Assignment: Among the entries below, copy only the span from the line containing "Autumn And Winter" through the line containing "PRC6763 Avatar Pure Silk Midi Length Kaftan". Do so exactly, and skip the pictures.

Recorded information:
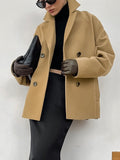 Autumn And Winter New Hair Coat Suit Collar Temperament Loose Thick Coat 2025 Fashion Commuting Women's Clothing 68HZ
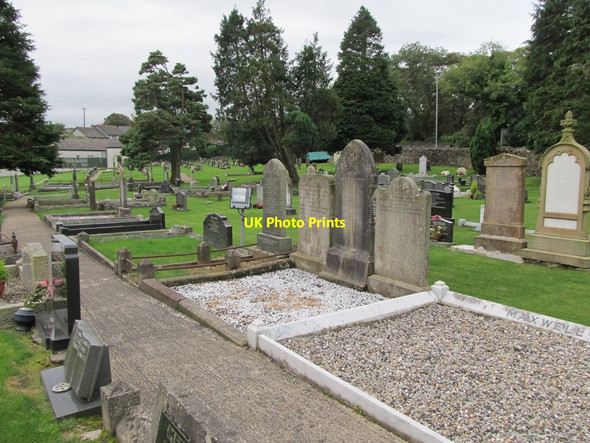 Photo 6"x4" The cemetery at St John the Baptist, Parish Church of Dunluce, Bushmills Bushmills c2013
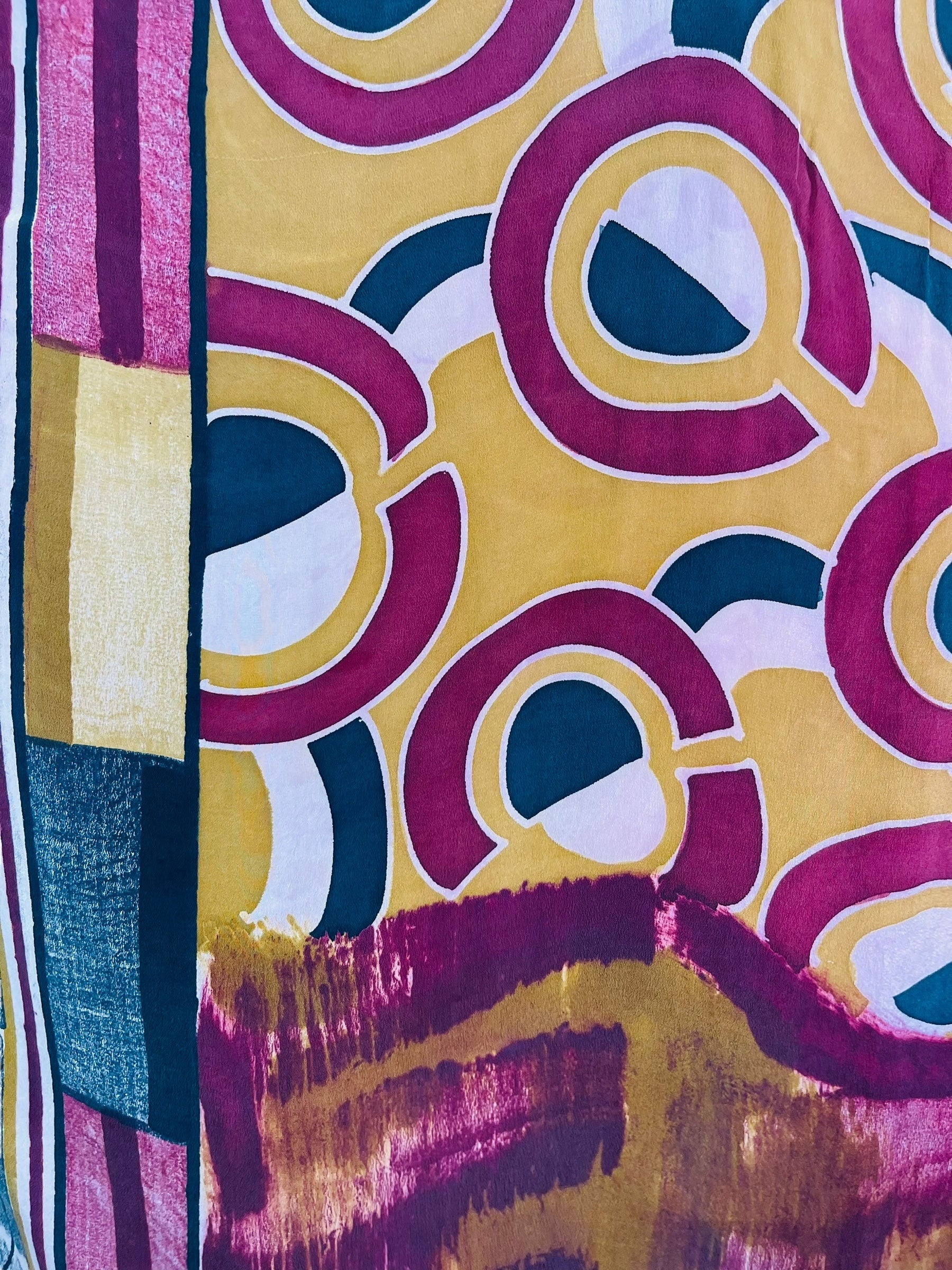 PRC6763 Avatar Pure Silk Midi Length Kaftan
...
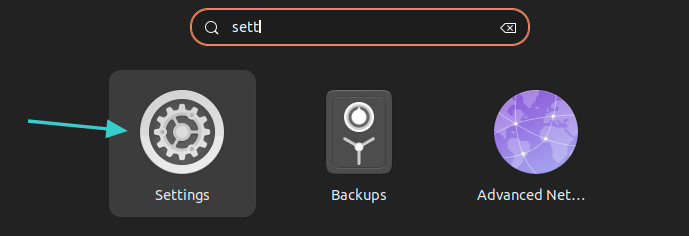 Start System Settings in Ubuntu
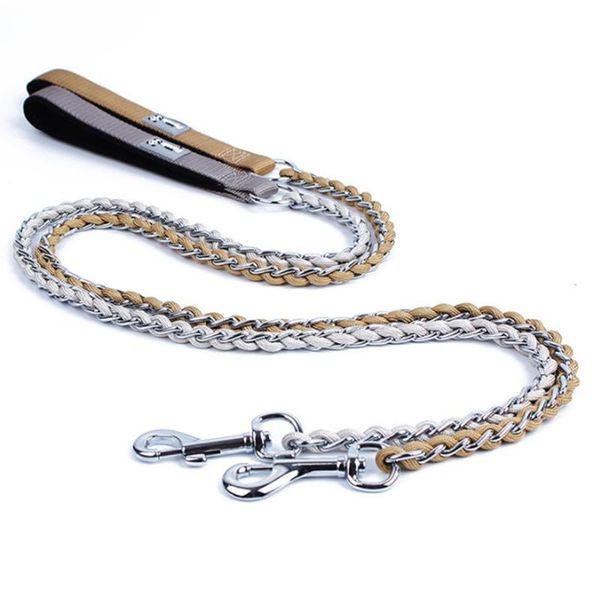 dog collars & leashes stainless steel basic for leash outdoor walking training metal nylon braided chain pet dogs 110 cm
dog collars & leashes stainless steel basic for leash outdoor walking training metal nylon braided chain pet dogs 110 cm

Response to the exercise:
 Autumn And Winter New Hair Coat Suit Collar Temperament Loose Thick Coat 2025 Fashion Commuting Women's Clothing 68HZ
 Photo 6"x4" The cemetery at St John the Baptist, Parish Church of Dunluce, Bushmills Bushmills c2013
 PRC6763 Avatar Pure Silk Midi Length Kaftan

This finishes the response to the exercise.